An ab initio analysis of the structure of l-tryptophan tautomers in microhydrated environments, in water and in hydrophobic solvents

Abstract

The free energy of tryptophan (Trp) tautomers and conformers in different aqueous and non-aqueous environments has been calculated at the MP2/aug-cc-pVDZ//B3LYP/6-31+G(d,p) level of theory. Comparison with glycine (Gly) has been done in order to discuss the influence of the hydrophobic side chain. A detailed structural analysis has been first carried out to identify the relevant neutral (non-ionized) and zwitterionic (ionized) conformations. In water solution, explicit consideration of the first solvation shell (eight water molecules) has been found to be mandatory in order to correctly describe the system and therefore we have used a combined discrete–continuum solvation model to obtain free energies in this medium.
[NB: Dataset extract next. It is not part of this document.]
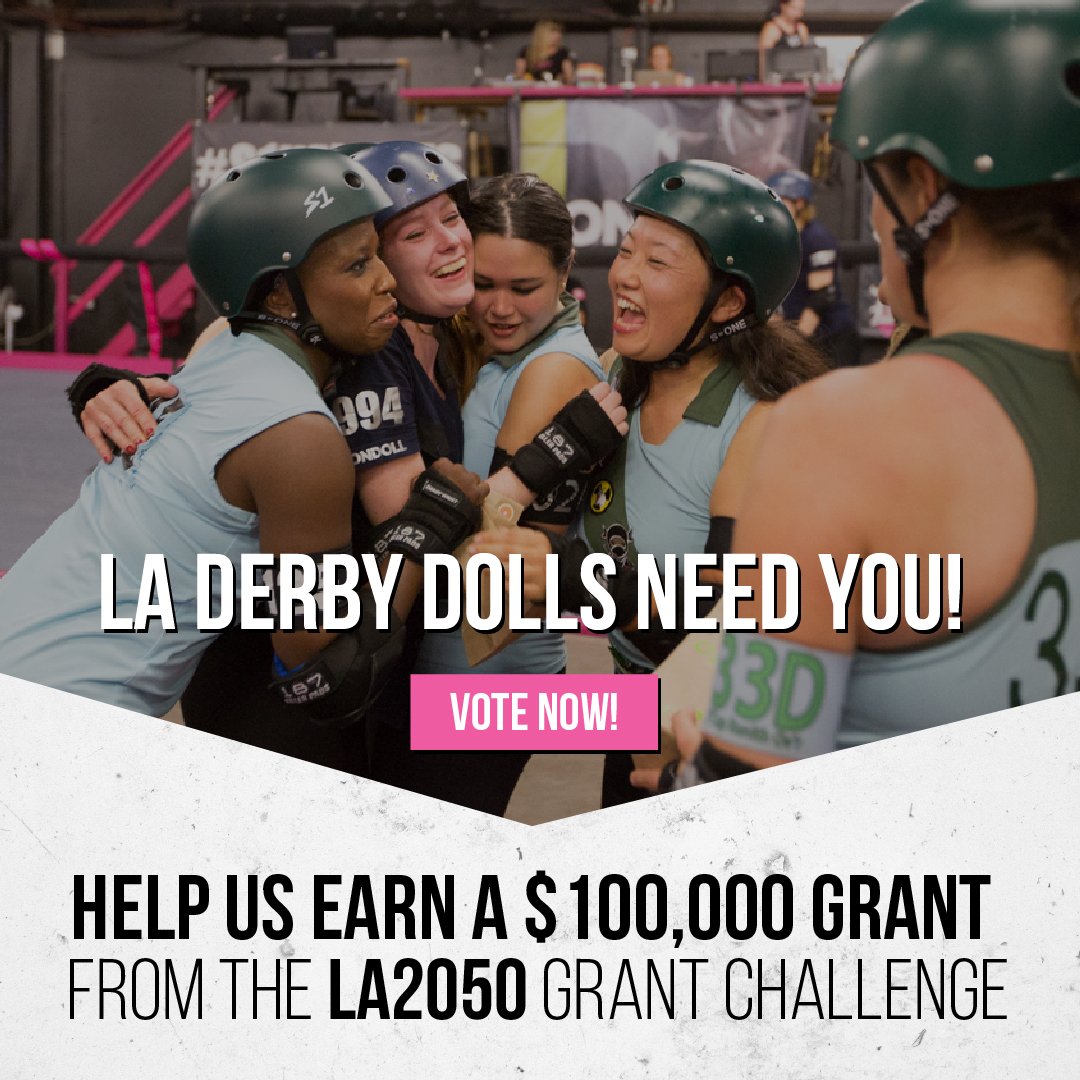 Have you voted for LA Derby Dolls to win the LA2050 Grant? Help keep connecting skaters through the power of derby! bit.ly/LADDLA2050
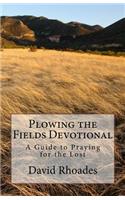 Plowing the Fields Devotional: A Guide to Praying for the Lost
Calculations in non-aqueous solvents have been done with the continuum model. The study shows that the hydrophobicity of the indole group of the Trp side chain does not influence much the tautomerization energy of the amino acid in water. Thus, the computed free energy of Trp tautomerization amounts −8.93kcal/mol, which is not far from the theoretical and experimental values reported for the simplest natural amino acid glycine. Conversely, the free energy of transfer from water to cyclohexane has been estimated to 9.79kcal/mol, which is much smaller than the energy reported before for glycine at a similar theoretical level (18.2kcal/mol). The analysis of the results shows that the indole group yields a straightforward transfer of the neutral tautomer from the polar to the apolar phase, which requires only 0.86kcal/mol instead of the 10kcal/mol required for the neutral tautomer of glycine. The estimated energy of transfer is consistent with available experimental data for analogous systems.